Avatar for Javier Villamor

The enlargement of the European Union is now both a “moral duty” and a “geopolitical necessity”, a senior Brussels bureaucrat has claimed.

Speaking at the EU’s Regions Week in the European capital, President of the Committee of the Regions, Portugal’s Vasco Alves Cordeiro, emphasised that the EU must continue to expand if it wants to remain competitive.

“European enlargement is not only a moral duty, it is also a geopolitical necessity and an investment in our future,” he said on October 7.

Alves Cordeiro added that the EU’s Committee of the Regions was playing a key role in this expansion, with the Brussels-Regions relationship being at heart of the EU enlargement process.

The eurocrat cited Ukraine as a major example, saying that there have been “wide-ranging discussions” with Kyiv on how to best enable future entry into the EU.
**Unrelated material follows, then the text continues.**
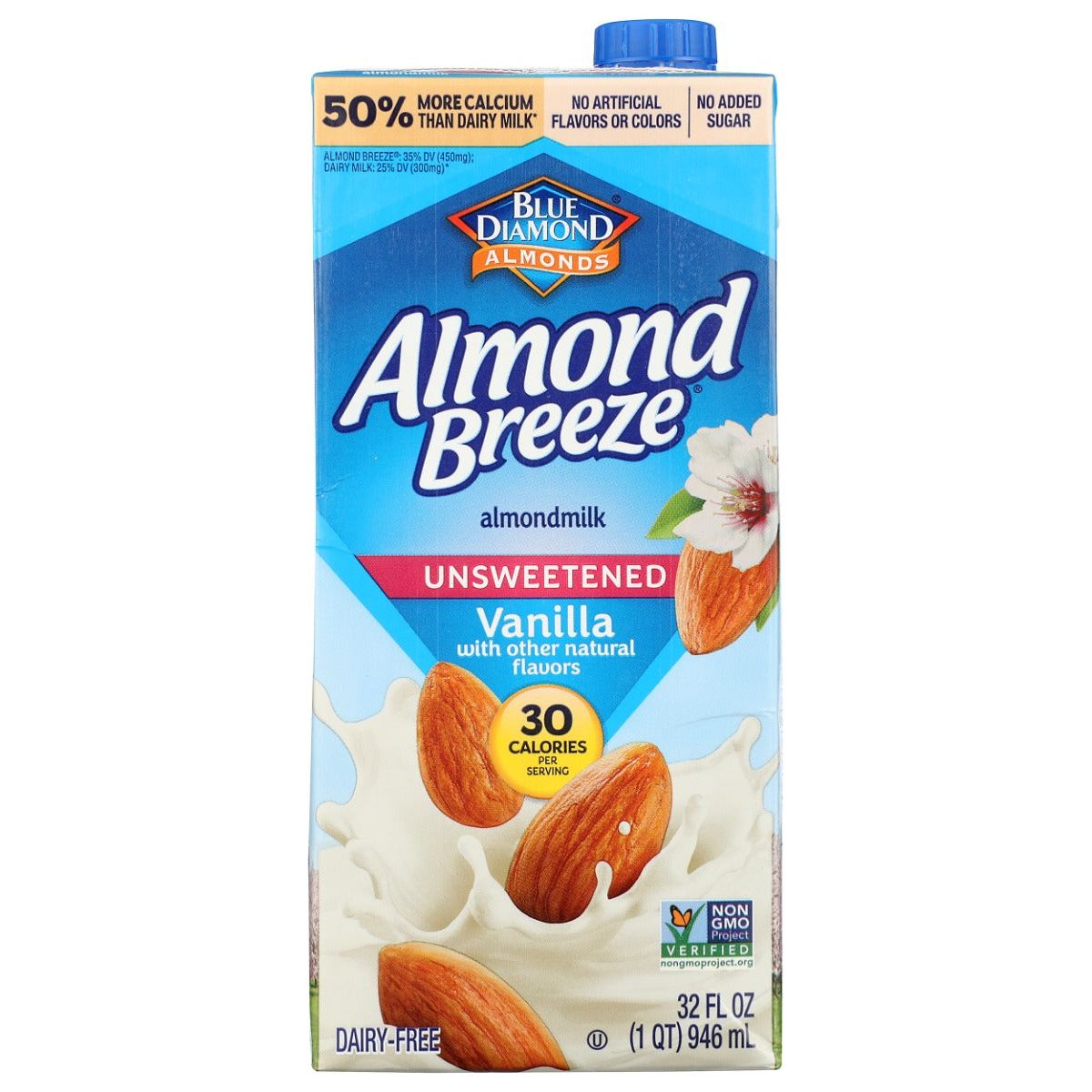 BLUE DIAMOND: Unsweetened Vanilla Almondmilk, 32 fo - #tag1# - #tag2#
Enlargement is one of the key topics planned for this year’s Regions Week. A total of nine nations, including Ukraine, plan to join the union of the current 27. That poses a series of challenges and risks to which the Committee of the Regions is presenting itself as their solution.

Commission President Ursula von der Leyen has repeatedly made the claim that the union’s “cohesion policy needs reforms”, and that the EU needs to work to build a single “cohesion policy” to aid its expansion.

Also speaking at the event was the EU Commissioner for Cohesion and Reform, Elisa Ferreira, who focused on the importance of regional development to avoid “the brain drain from less prosperous regions”.

She believes that “mechanisms must be sought to promote talent” because “82 regions are being emptied of young people”.

“We have to start talking about the right to stay and not just the right to move,” she said.

According to official data, the number of European citizens in less developed regions decreased from 25 per cent in 2000 to 5 per cent in 2024.

“There are regions that have difficulty adapting to the new world,” she added.

That new world for Brussels, according to the Commissioner, is “a green and digital future in which competition between regions is encouraged to improve our development” because “the European Union is not a finished project, but is under construction”.

In response to questions about what to expect from the inclusion of war-torn Ukraine, no specifics were provided.